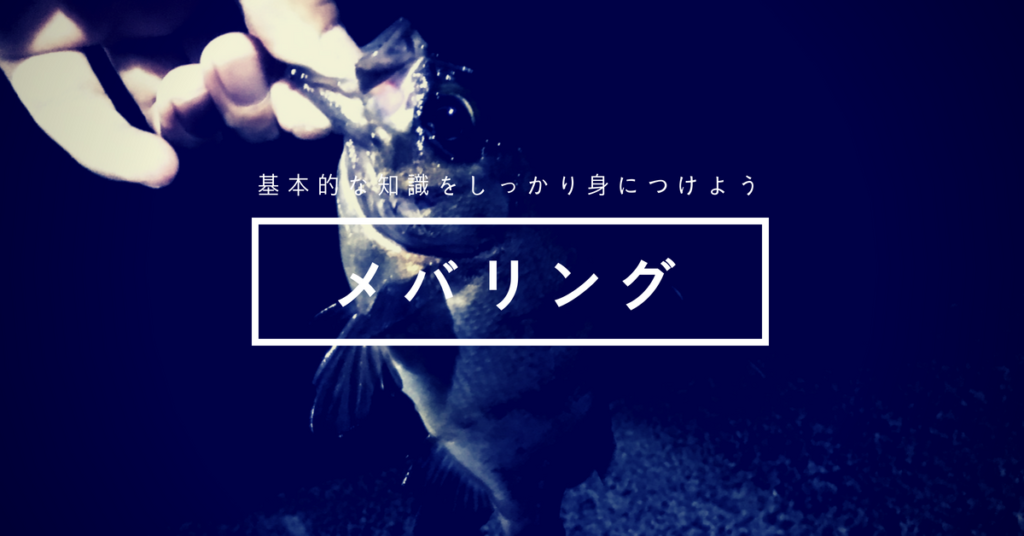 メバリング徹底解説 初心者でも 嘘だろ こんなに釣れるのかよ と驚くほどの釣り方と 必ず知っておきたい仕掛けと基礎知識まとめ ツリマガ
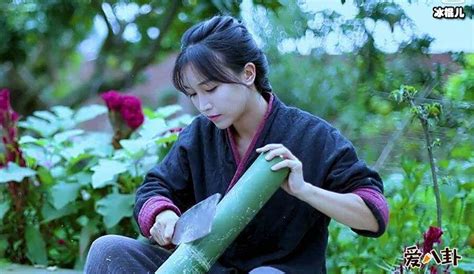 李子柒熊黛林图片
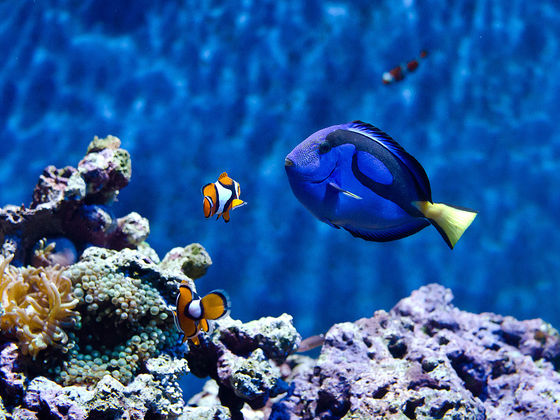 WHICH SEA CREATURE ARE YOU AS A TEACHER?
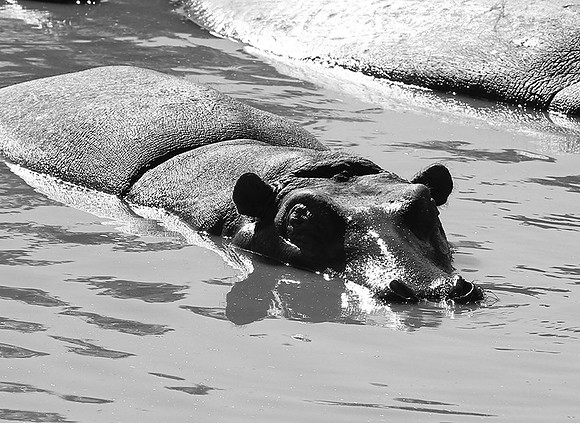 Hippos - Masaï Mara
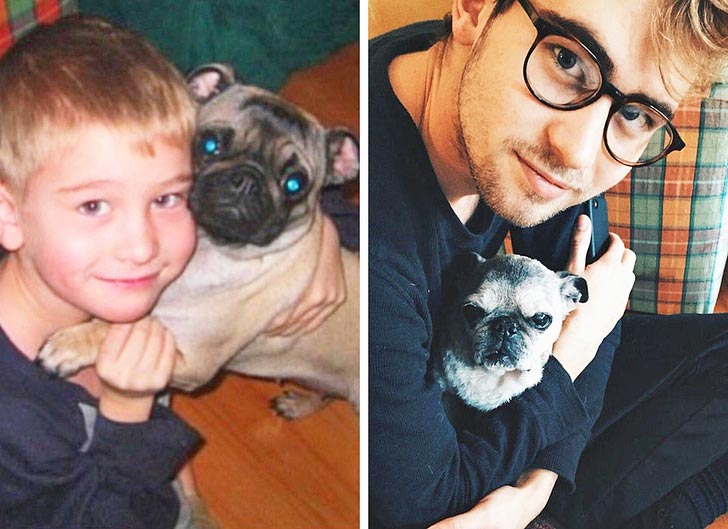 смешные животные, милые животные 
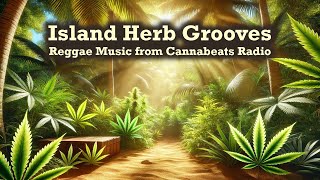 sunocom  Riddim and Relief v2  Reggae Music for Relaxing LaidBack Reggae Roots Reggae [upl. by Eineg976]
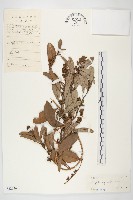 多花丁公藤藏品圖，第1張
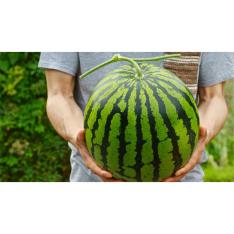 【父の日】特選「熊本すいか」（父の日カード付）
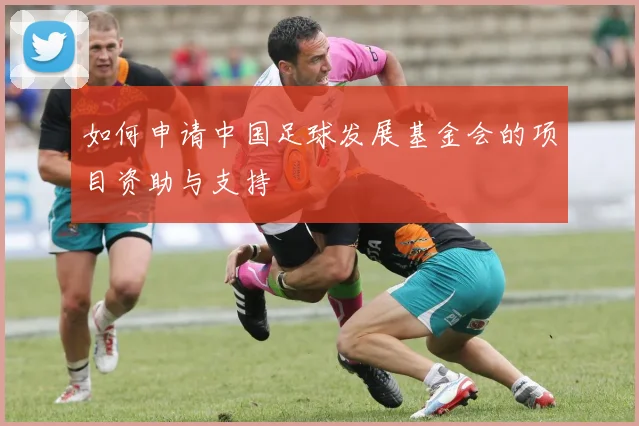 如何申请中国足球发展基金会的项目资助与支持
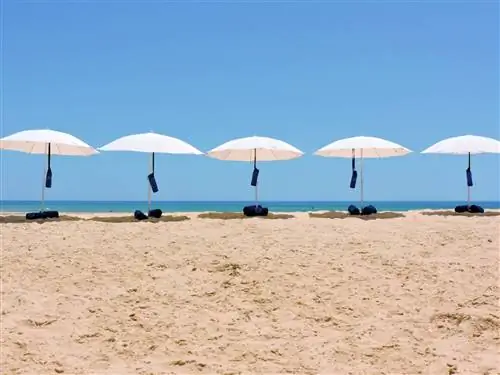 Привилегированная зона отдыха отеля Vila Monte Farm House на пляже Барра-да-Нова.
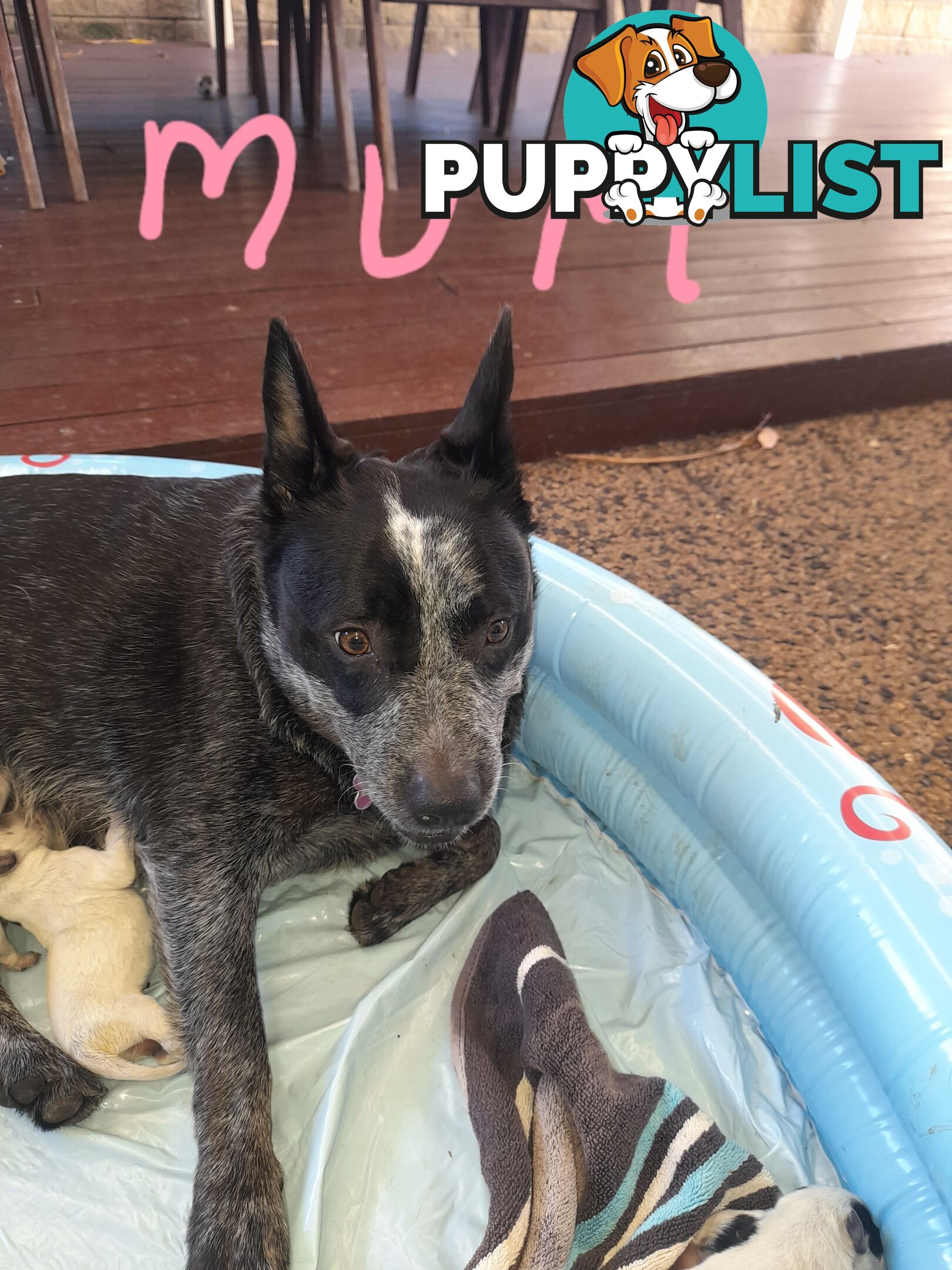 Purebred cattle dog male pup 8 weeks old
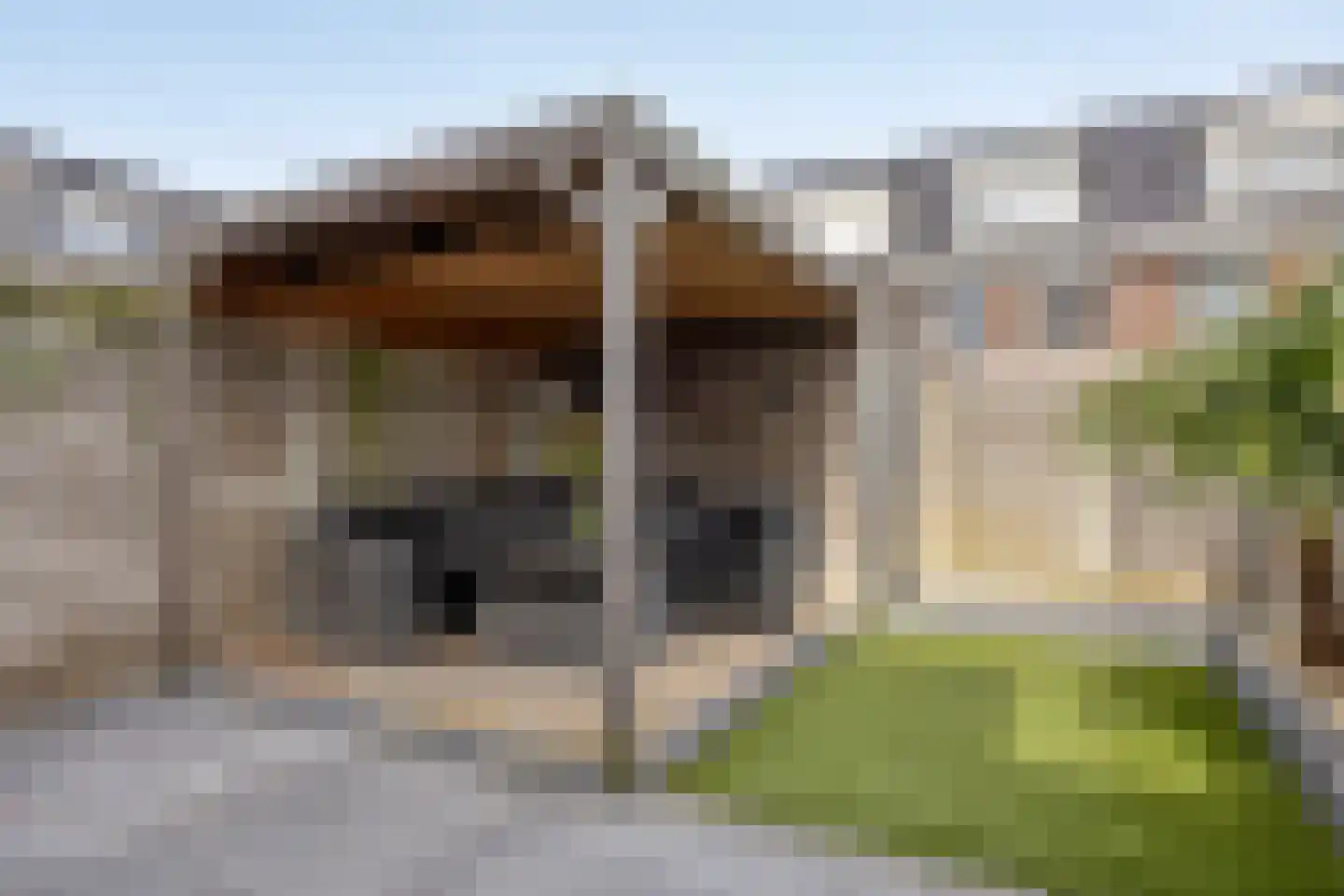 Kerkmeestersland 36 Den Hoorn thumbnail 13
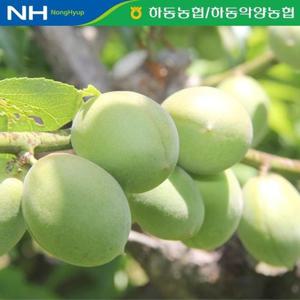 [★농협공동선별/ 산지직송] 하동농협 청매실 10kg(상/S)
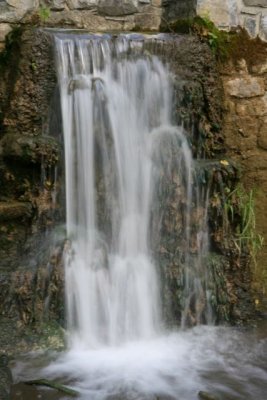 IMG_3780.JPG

---*---

Task description: The exact lines from the beginning of the data through the one that contains "如何申请中国足球发展基金会的项目资助与支持" must be given again, both ends included, and pictures must be left out.

Solution:
 メバリング徹底解説 初心者でも 嘘だろ こんなに釣れるのかよ と驚くほどの釣り方と 必ず知っておきたい仕掛けと基礎知識まとめ ツリマガ
 李子柒熊黛林图片
 WHICH SEA CREATURE ARE YOU AS A TEACHER?
 Hippos - Masaï Mara
 смешные животные, милые животные 
 sunocom  Riddim and Relief v2  Reggae Music for Relaxing LaidBack Reggae Roots Reggae [upl. by Eineg976]
 多花丁公藤藏品圖，第1張
 【父の日】特選「熊本すいか」（父の日カード付）
 如何申请中国足球发展基金会的项目资助与支持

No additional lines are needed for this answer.